Retail stores adapt to the impact of COVID-19
Junkee Clothing Exchange is known for its costumes and unique gifts, but this popular destination has been closed for nearly 2 months. Anxious shoppers are thrilled to find out that their favorite store has reopened.
As soon as Governor Steve Sisolak gave certain businesses the go-ahead to reopen their doors, the midtown business did not think twice to make it happen.
All employees are now wearing masks, clothing racks are separated farther away, and even a hand washing station has been added outside for customers to use before walking in.
Heather Puckett, Store Team Leader, said getting back to what Junkee used to be will be a major challenge.
"It obviously has reduced the amount of foot traffic coming in and we compare our numbers to last year of this time and they are cut in half right now," Puckett said.
Junkee is the hotspot to find outfits for crawls, Halloween parties, and even festivals, but Puckett said she is concerned about the cancellation of one event that can jeopardize the entire store.
"Burning Man being canceled was like a punch in the stomach,” Puckett explained. “We prepare all year for that and we use that money to carry us through the winter."
During these difficult times, the clothing exchange is focused on becoming an affordable outlet for everyday clothing.
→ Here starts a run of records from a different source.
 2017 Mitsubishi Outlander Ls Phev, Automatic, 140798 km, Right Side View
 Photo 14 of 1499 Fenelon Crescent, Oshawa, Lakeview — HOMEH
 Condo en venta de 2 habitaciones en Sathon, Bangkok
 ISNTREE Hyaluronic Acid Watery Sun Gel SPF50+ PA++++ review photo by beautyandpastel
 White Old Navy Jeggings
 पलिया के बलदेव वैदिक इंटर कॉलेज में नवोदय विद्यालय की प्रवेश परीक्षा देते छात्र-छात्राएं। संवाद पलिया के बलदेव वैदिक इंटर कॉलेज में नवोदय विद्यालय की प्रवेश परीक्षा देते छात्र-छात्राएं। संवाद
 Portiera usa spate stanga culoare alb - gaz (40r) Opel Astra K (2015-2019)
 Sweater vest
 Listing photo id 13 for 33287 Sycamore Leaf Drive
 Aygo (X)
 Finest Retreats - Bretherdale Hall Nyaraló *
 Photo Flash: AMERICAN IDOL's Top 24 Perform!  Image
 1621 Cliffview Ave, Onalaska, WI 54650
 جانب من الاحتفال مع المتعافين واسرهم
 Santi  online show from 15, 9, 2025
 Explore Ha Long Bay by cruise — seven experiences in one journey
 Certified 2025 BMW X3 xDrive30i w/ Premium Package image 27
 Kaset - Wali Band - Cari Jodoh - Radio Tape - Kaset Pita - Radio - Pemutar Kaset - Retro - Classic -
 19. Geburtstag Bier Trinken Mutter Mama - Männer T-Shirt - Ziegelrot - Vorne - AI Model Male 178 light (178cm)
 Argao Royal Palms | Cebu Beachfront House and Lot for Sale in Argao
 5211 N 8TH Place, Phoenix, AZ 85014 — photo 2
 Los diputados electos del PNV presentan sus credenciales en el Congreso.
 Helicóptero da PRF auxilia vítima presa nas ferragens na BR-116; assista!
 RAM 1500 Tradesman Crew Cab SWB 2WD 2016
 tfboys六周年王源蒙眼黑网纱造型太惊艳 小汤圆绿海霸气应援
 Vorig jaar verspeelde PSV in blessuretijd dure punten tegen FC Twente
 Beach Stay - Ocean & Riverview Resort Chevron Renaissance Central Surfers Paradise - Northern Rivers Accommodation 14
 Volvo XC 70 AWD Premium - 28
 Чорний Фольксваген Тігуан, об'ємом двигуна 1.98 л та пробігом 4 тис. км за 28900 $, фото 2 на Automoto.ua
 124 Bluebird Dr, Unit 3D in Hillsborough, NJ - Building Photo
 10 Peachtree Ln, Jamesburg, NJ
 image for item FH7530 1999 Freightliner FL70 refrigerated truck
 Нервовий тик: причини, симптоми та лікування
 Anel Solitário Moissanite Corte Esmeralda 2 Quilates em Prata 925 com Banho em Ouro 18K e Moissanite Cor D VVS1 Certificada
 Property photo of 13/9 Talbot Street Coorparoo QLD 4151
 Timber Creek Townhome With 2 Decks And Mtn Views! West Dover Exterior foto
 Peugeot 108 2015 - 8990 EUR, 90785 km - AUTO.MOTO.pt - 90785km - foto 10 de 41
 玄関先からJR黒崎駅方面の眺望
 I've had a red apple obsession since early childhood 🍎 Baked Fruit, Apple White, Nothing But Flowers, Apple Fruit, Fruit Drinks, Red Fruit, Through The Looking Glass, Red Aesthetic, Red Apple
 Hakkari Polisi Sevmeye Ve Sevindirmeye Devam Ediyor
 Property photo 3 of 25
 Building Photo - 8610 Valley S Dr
Kaylee Schuele, a customer at Junkee said it’s time for our community to strengthen our local economy and show our support.
"This is something we can’t control, these are things that are affecting our community. Multiple people are on unemployment, so it is important to keep it strong just for us to function as a society," Schuele said.
Small businesses are adapting to the impacts of COVID-19 every day. Business owners tell me things will never be the same, but if we stay united we can get through it together.